Souvenir
C’est la seule réunion de famille, en bonne et due forme, dont j’ai conservé le souvenir. Mon père, ma mère, peut-être mon frère, et moi-même autour de la table du salon devant Le Parisien ouvert en pages 2/3. Nous habitons à Garges-lès-Gonesse, Val-d’Oise, et nous sommes en 1988, ou 1989, ce qui doit me faire 13 ans.
La commune a eu son heure de gloire dans les journaux télévisés hier soir : aux Doucettes (je crois), un adolescent, appelons-le Bruno — à Garges-les-Gonesse en 1989 tous les jeunes qui ne s’appellaient pas Rachid se prénommaient Bruno — a été agressé hier par deux voyous qui l’ont aspergé d’essence et l’ont laissé les deux mains brûlées.
C’est littéralement à côté. Le collège (sa version en préfabriqués depuis que le précédent a été réduit en cendres) se situe dans ledit quartier. Il est temps de Prendre Conscience. Bien sûr Papa n’emploie pas ces mots-là, mais c’est mon seul souvenir que nous ayons jamais analysé en famille l’actualité, rassemblés autour du journal, comme la famille Ingalls à la télévision.

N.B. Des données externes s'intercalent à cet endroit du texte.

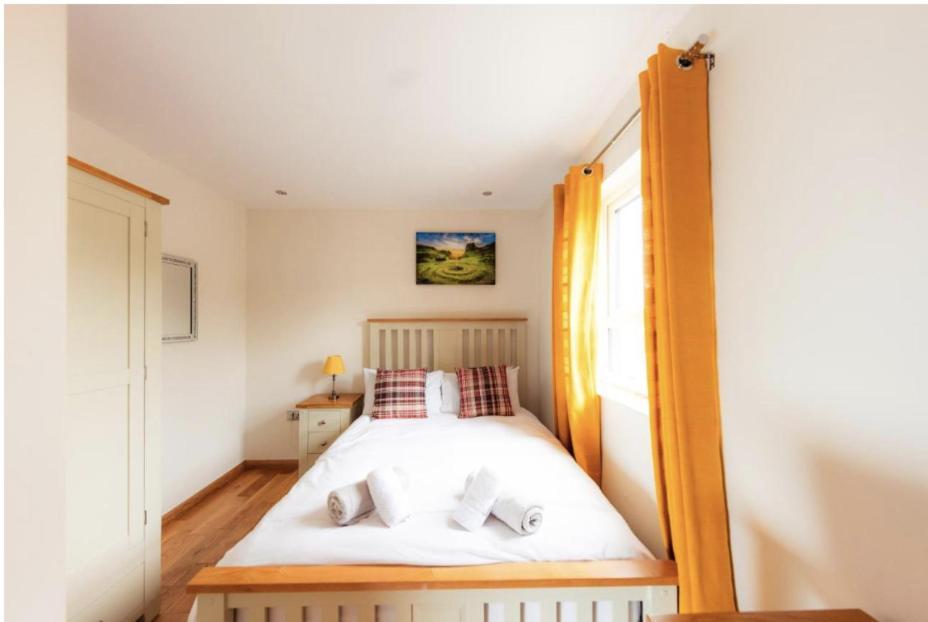 Luxury Cottage With Stunning Views Near Fairy Pools - School House 3 Carbost  Luaran gambar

Alors je ne vois pas bien en quoi ça me concerne, un grand dadet de 16 ans qui vit dans un HLM lumpenprolétarien et qui choisit mal ses fréquentations, mais comme je ne suis pas un enfant contrariant je Prends Conscience que certains comportements, ou certains jeunes, sont dangeureux (j’ai oublié les détails) et j’enregistre, jusqu’à aujourd’hui.
Deux jours plus tard, la presse nous apprenait que Bruno n’avait pas été aggressé. Bruno avait tenté de faire démarrer une mobylette volée et s’était brûlé les mains dans la manipulation.